Schloss Charlottenburg – Der Neue Flügel

Auf der gemeinsamen Berlin-Exkursion von ViLE-Mitgliedern aus Süd- und Norddeutschland stand am 3.Tag eine Besichtigung des Neuen Flügels im Schlosses Charlottenburg auf dem Programm. Er wurde am 26. Dezember 2014 nach zweijährigen Sanierungsarbeiten, bei denen den Restauratoren nichts zu teuer war, wiedereröffnet.


Schloss Charlottenburg

Mit dem Neuen Flügel schuf der Architekt Georg Wenzeslaus von Knobelsdorff die erste eigenständige Residenz für Friedrich den Großen nach dessen Regierungsantritt 1740.


Der Weiße Saal

Zuerst beeindrucken die prachtvollen friderizianischen Festsäle – der als Speisesaal genutzte Weiße Saal und die Goldene Galerie – verziert mit Rokokodekorationen.
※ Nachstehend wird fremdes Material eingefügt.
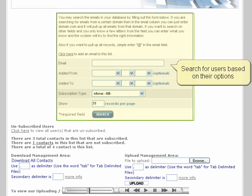The OmniStar Mailer also allows you to manage the users on your list. Simply select a mailing list, then search for users based on the options they signed up with. In this example, when users signed up for the mailing list, they also had to enter their location, so you can search for users based on location. You can then edit the information of the users returned by the search.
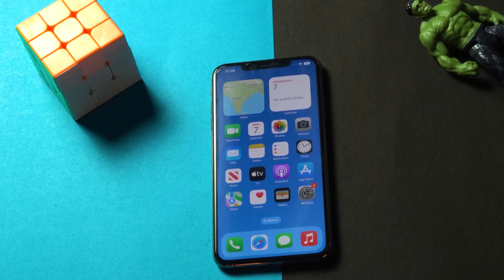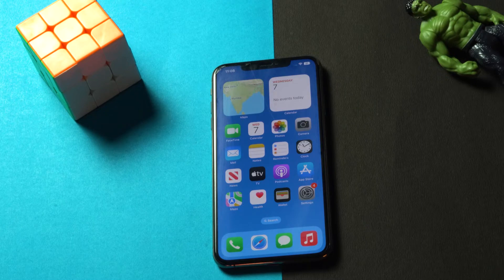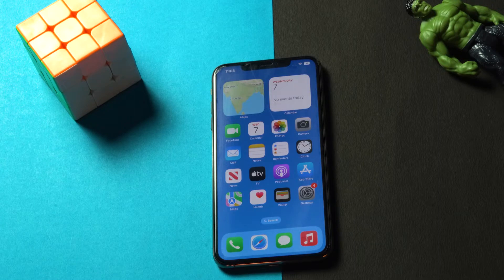Hello guys, welcome back. In this video we're going to talk about how to fix 'Trust This Computer' not showing up on your iPhone or iPad after updating to iOS 16, and how we can fix this.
Hier finden sich auch Meisterwerke französischer Malerei.


Winterkammer mit Ofen

Im Erdgeschoß ließ sich Friedrich Wilhelm II, Neffe und Nachfolger Friedrichs des Großen, 1788 eine Sommerwohnung im chinesisch-etruskischen Stil und 1796 die frühklassizistischen Winterkammern einrichten. Hier wohnte Königin Luise, die Gemahlin von König Friedrich Wilhelm III. Sie wurde 1776 als Prinzessin von Mecklenburg-Strelitz geboren und starb mit 34. Jahren.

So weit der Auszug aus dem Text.